Ein Problem ist der THW-Fuhrpark, ein anderes der Reitstall nebenan

Doch ist das möglich, wenn das Technische Hilfswerk seinen Standort an dieser Ecke vergrößern darf? Oder sollte der Garagenplatz für die Fahrzeuge des THW nicht besser anderweitig genutzt werden, für soziale Einrichtungen wie etwa ein Senioren- oder ein Bürgerzentrum? Dieser Punkt sorgt seit Jahren für Zoff, auch an diesem Abend.

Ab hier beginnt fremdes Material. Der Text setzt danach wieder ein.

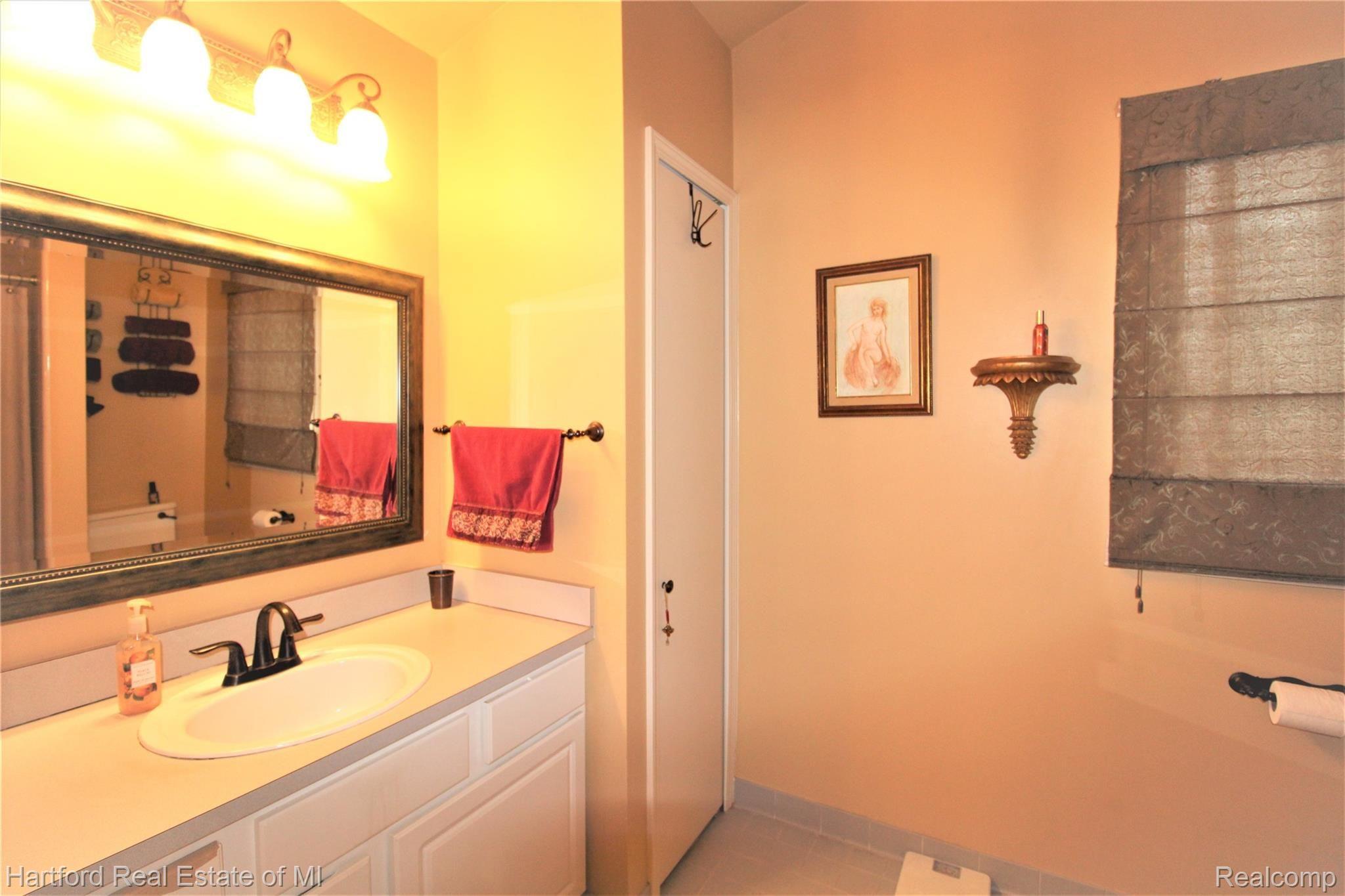 21507 Ruth Street Farmington, MI 48336 - Photo 11 of 21 IMG_5010 (2).JPG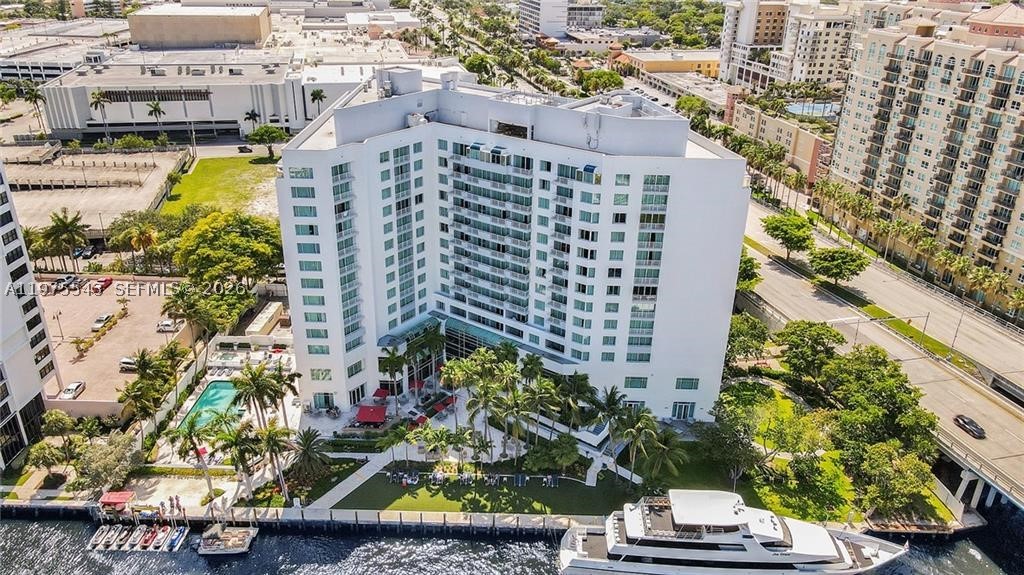 2670 E Sunrise Blvd 1402 — photo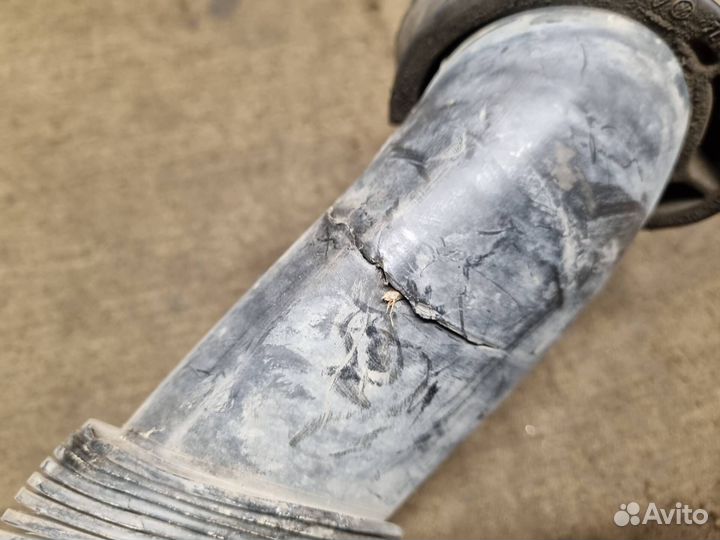 Патрубок воздушного фильтра R Porsche Cayenne 955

Dass das THW wie alle Nutzer des Areals an der Ubostraße bleiben sollte, dagegen haben die Kritiker nichts, allen voran der Förderverein 1000 Jahre Urkunde Aubing und die Bürgervereinigung Aubing-Neuaubing.

"Aber dieser riesige Fuhrpark, der noch dazukommen soll, das ist das Problem", erklärt Karin Binsteiner von der Bürgervereinigung beim vorangegangenen Platzfest am 1. Juli. Das Grundstück sei schließlich "ein Filetstück", so nahe an der S-Bahn. "Und Aubing hat große Probleme - es blutet langsam aus. Hier hätte man die Chance, den Stadtteil zu revitalisieren."

Eine Zweiteilung des THW in verbleibende Schulungsräume an der Ubostraße und die Unterbringung der Fahrzeuge andernorts aber funktioniert laut Dienststellenleiter Andreas Bieleck aufgrund des Dienstbetriebs nicht. "Und alternative freie Grundstücke des Bundes, um den gesamten Standort zu verlagern, gibt es nicht. Das haben wir geprüft." Immerhin: Für die Reitstallbesitzerin Andrea Dirndorfer, die lange um ihre Zukunft auf dem Areal bangte, ist die jüngste Überlegung "durchaus vertretbar". Die sieht vor, die Belandwiese und eine Fläche mit abzureißenden Häusern hinter dem THW als Koppel mitzunutzen.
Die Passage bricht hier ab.